Commit 14cd71e
feat: add compression level configuration for JSON/CSV writers (#18954)
## Which issue does this PR close?
Closes #18947
## Rationale for this change
Currently, DataFusion uses default compression levels when writing
compressed JSON and CSV files. For ZSTD, this means level 3, which
prioritizes speed over compression ratio. Users working with large
datasets who want to optimize for storage costs or network transfer have
no way to increase the compression level.
This is particularly important for cloud data lake scenarios where
storage and egress costs can be significant.

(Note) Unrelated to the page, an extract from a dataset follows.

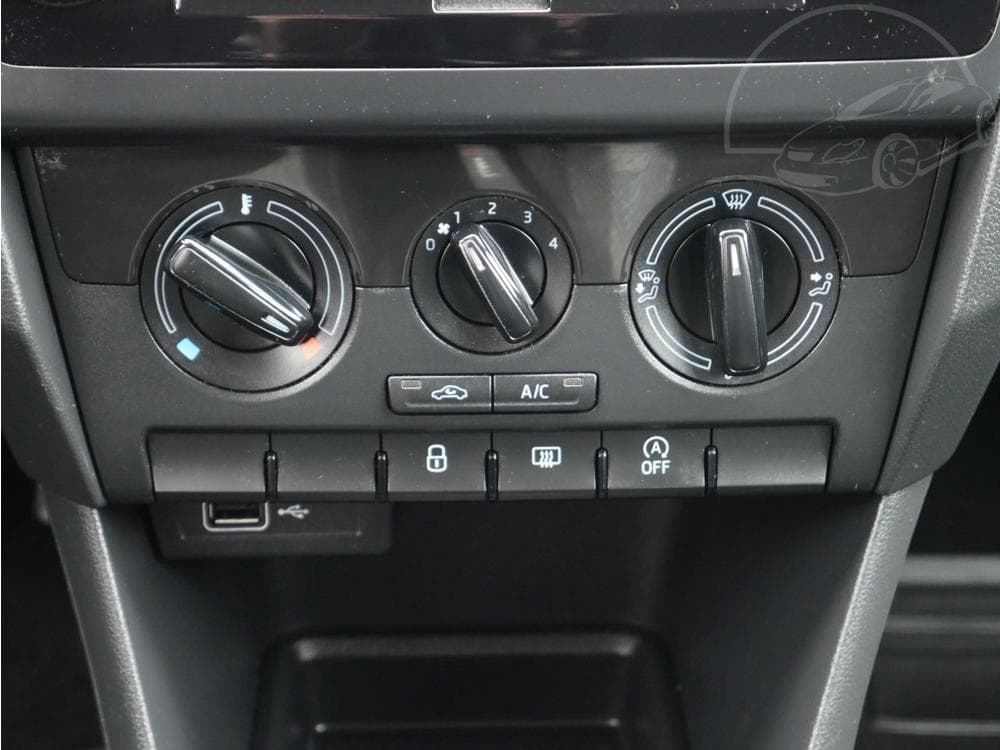 2019 Škoda RAPID - 23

## What changes are included in this PR?
- Add `compression_level: Option<u32>` field to `JsonOptions` and
`CsvOptions` in `config.rs`
- Add `convert_async_writer_with_level()` method to
`FileCompressionType` (non-breaking API extension)
- Keep original `convert_async_writer()` as a convenience wrapper for
backward compatibility
- Update `JsonWriterOptions` and `CsvWriterOptions` with
`compression_level` field
- Update `ObjectWriterBuilder` to support compression level
- Update JSON and CSV sinks to pass compression level through the write
pipeline
- Update proto definitions and conversions for serialization support
- Fix unrelated unused import warning in `udf.rs` (conditional
compilation for debug-only imports)
## Are these changes tested?
The changes follow the existing patterns used throughout the codebase.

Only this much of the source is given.